Man said it was urgent,” said Ames.
He was sitting at Lew’s desk, blinds open, sun dancing in dust, sending a yellow band across the floor. Outside beyond the Dairy Queen lot, a sports car whoomed up a few gears and shot away.
“How each of us sees urgency is a matter of perspective,” Ann Horowitz said. “What is urgent to this man may not be to Lewis.”
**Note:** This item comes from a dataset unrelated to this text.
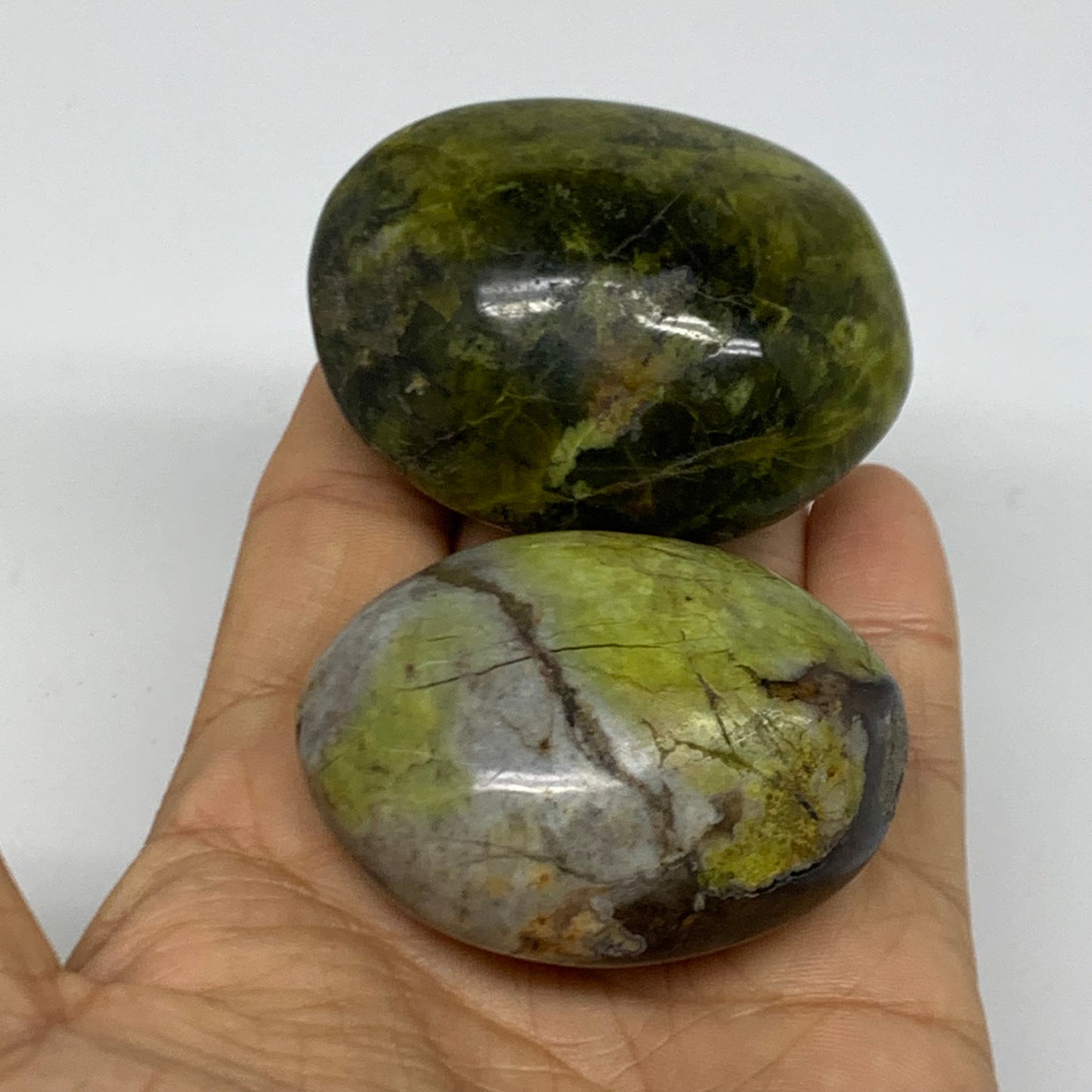 167.1g, 2.1"-2.3", 2pcs, Green Opal Crystal PalmStone Polished Reiki, B38317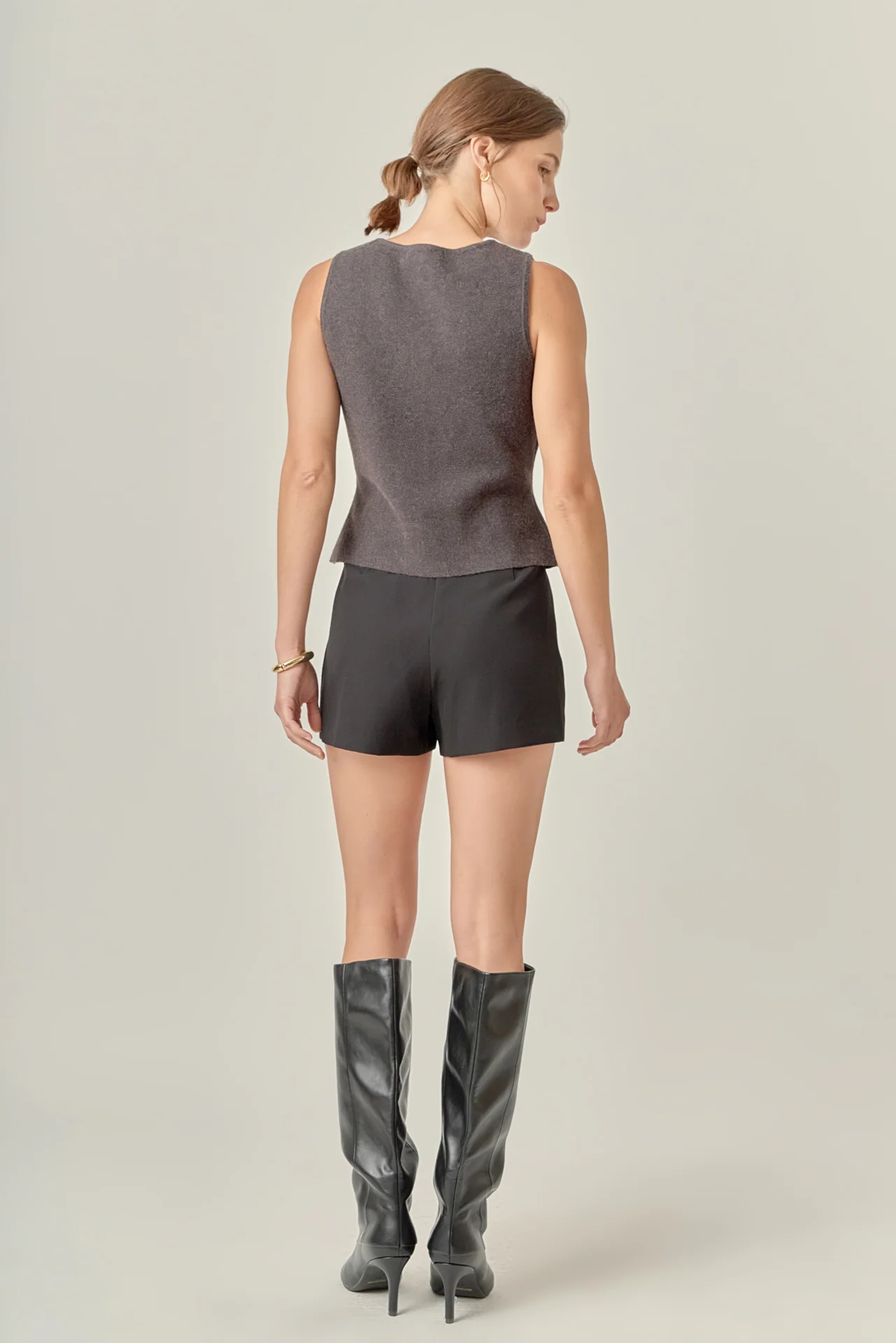 Rhinestone Bow Button Knit Vest - Image 4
She was in her office on Bay Street, a patient sat in the closet-sized waiting room beyond her wooden door. Ann was purposely keeping the patient, Stephen Mullex, waiting beyond his appointed time. Mullex should complain about his hour being cut short. She wanted him to complain, to assert himself. If he didn’t complain, she would make that the issue of the session.
“Yes, ma’am,” Ames said evenly.
“One man might well say he has an emergency, and mean it and sound like it, screaming, crying, when his car won’t start and he will be late for a tuna match.”
“Tuna?”
“Tennis,” Ann corrected herself, wondering what, if anything, her slip might mean. Age? The ghost of Freud?
“Another man might call the police from his home and calmly announce that his family was being murdered by two men with axes downstairs and add that there was no hurry because everyone was dead.”
“Were they?” asked Ames.
“Hypothetical,” Ann answered. “How would you react?”
“Find a gun, knife, chair, lamp and go down after the guys with axes,” he said. “By the time the police got there, they’d all be dead.”
“Unless he killed his family,” said Ann.
“Yes, ma’am. That’s possible. If Lewis calls you, would you please have him call me at the Texas Bar and Grille. I left a message on his sister’s phone, but he hasn’t called back.”
“I do have another number,” she said.
Ames said nothing, waited.
“He asked me not to give it out. It’s his brother-in-law’s cell phone.”
“Ma’am.”
She looked at the digital clock on her desk. The numbers were large. The time was ten minutes after the hour. Stephen Mullex had been kept waiting long enough. Ann gave Ames the number of the phone in Franco Massaccio’s tow truck.
“I can be disbarred for betraying this confidence,” she said.
“You’re not a lawyer. You’re a psychologist.”
“Then getting disbarred won’t hurt my career, will it?”
“No ma’am, it won’t.”
“I was making a joke, Mr. McKinney.”
“So was I,” said Ames. “Thanks for the number.”
“Have Lewis call me.”
She hung up. So did Ames. He dialed the number Ann Horowitz had given him, got an answering machine and said: “Lewis, it’s Ames. Call me at your office.”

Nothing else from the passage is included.